In re Miller

167 Mich. App. 75 | Mich. Ct. App. | 1988

Lead Opinion

Doctoroff, J. Glen Miller

(hereinafter respondent) appeals as of right from an Ingham County Probate Court order permanently terminating his parental rights in his son, Ryan Kyle Dean Miller. MCL 600.861(c)(ii); MSA 27A.861(c)(ii).1 We reverse.

The minor child, Ryan, was born in August, 1982. At that time, his parents were unmarried and Ryan lived with his mother, Sherry.

In August, 1983, a neglect petition was filed against Sherry on the basis of information reported by Sherry’s mother. Ryan’s first three months of foster care were with Sherry’s mother. The rest of his foster care was with his paternal grandparents.

In June, 1984, respondent and Sherry married. The marriage was tumultuous, and, at the time of *77the instant permanent termination proceedings, respondent had filed for divorce.

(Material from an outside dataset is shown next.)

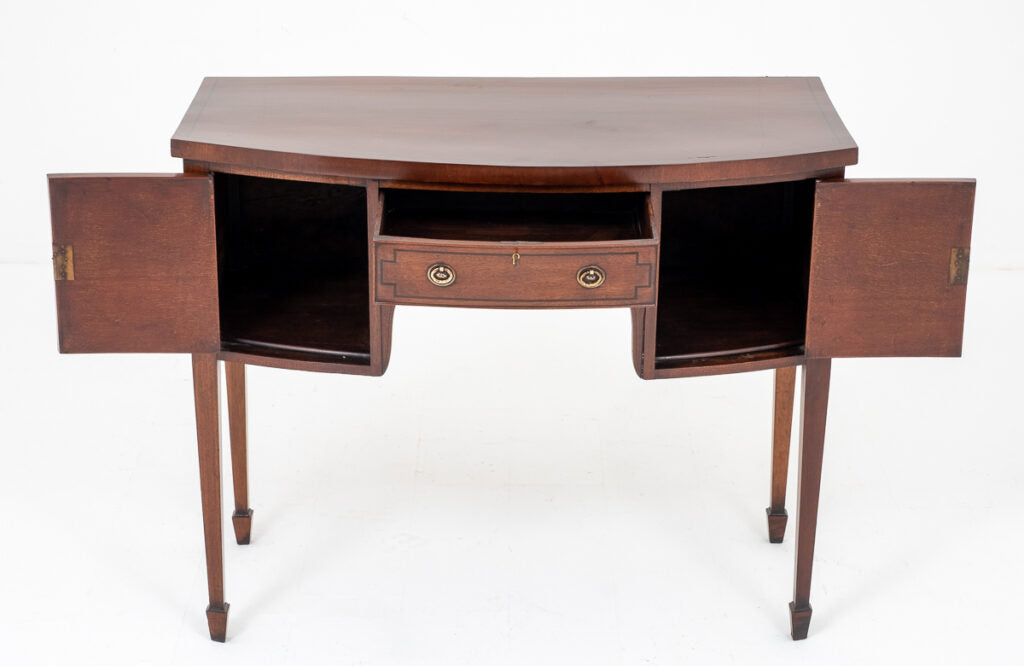 Regency Mahogany Bow Sideboard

The probate court based its decision to terminate parental rights on MCL 712A.19a(f); MSA 27.3178(598.19a)(f), which provides:

Where a child remains in foster care in the temporary custody of the court following the initial hearing provided by section 19, the court may make a final determination and order placing the child in the permanent custody of the court, if it finds any of the following:
* * *
(f) The child has been in foster care in the temporary custody of the court on the basis of a neglect petition for a period of at least 2 years and upon rehearing the parents fail to establish a reasonable probability that they will be able to reestablish a proper home for the child within the following 12 months.

Respondent’s claim of error is that the evidence did not clearly and convincingly establish that termination of his parental rights was warranted. MCR 5.908(C)(2). See, also, In re Bidwell, 129 Mich App 499, 504; 342 NW2d 82 (1983); In re LaFlure, 48 Mich App 377, 386; 210 NW2d 482 (1973), lv den 390 Mich 814 (1973).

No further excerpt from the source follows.